**EXERCISE AIM**
For the data below, work out the number of lines containing the string "Turquoise" and answer with that number only.

**THE DATA**
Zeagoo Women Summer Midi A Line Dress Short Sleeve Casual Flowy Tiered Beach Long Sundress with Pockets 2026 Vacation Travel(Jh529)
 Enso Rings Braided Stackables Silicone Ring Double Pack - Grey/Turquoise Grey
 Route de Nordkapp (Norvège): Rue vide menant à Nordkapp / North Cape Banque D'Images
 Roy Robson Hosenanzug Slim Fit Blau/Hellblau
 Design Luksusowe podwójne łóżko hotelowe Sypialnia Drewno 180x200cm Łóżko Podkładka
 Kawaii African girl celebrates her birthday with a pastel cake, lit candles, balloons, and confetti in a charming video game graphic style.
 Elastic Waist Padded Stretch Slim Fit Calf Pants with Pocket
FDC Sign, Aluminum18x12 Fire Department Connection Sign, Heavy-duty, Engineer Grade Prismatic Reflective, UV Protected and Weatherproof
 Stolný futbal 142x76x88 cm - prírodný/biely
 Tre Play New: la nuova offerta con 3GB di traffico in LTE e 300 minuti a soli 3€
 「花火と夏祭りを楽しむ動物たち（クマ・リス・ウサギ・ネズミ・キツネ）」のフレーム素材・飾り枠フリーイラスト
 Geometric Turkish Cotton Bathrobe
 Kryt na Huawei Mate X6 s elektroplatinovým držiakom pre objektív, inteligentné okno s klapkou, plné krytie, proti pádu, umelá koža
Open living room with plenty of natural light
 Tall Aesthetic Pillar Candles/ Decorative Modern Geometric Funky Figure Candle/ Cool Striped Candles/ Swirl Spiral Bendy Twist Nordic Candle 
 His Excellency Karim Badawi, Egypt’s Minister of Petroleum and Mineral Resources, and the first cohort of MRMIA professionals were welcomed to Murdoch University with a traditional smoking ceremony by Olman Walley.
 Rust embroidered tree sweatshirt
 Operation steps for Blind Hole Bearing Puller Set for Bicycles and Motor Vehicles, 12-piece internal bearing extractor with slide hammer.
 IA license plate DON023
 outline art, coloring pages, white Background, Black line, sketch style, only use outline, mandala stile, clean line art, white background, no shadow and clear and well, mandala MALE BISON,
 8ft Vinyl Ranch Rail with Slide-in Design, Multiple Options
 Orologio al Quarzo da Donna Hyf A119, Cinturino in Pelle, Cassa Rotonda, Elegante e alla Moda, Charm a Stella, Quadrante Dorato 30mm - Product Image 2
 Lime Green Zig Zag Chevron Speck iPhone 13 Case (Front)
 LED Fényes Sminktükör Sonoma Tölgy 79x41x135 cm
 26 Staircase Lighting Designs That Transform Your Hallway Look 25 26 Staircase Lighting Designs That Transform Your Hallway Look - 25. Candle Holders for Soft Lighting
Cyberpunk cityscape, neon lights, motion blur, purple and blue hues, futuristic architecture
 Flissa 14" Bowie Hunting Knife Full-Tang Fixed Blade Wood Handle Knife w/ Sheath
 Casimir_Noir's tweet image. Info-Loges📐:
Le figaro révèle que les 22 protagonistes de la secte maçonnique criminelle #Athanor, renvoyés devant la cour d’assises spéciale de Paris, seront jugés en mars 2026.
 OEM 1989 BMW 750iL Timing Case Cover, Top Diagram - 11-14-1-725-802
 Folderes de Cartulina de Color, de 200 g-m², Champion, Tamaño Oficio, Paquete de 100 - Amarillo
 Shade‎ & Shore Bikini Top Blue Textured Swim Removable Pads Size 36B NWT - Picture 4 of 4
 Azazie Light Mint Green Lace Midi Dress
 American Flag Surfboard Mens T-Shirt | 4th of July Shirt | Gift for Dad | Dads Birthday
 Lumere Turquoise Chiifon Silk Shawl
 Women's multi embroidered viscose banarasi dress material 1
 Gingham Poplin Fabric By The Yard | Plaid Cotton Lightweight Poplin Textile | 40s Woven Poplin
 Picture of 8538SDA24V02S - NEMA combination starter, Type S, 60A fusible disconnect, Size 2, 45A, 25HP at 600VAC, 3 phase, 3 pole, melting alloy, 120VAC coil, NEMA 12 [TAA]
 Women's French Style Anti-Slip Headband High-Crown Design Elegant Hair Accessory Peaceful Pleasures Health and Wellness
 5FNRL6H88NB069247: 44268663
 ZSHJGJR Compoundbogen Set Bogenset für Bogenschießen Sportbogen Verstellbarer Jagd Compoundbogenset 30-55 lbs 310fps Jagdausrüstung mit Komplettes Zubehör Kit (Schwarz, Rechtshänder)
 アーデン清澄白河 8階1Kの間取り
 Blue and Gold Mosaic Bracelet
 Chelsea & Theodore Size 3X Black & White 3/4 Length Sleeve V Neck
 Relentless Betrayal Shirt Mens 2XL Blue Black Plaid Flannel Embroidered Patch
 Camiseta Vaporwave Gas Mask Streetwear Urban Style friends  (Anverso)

**SOLUTION TO THE EXERCISE**
2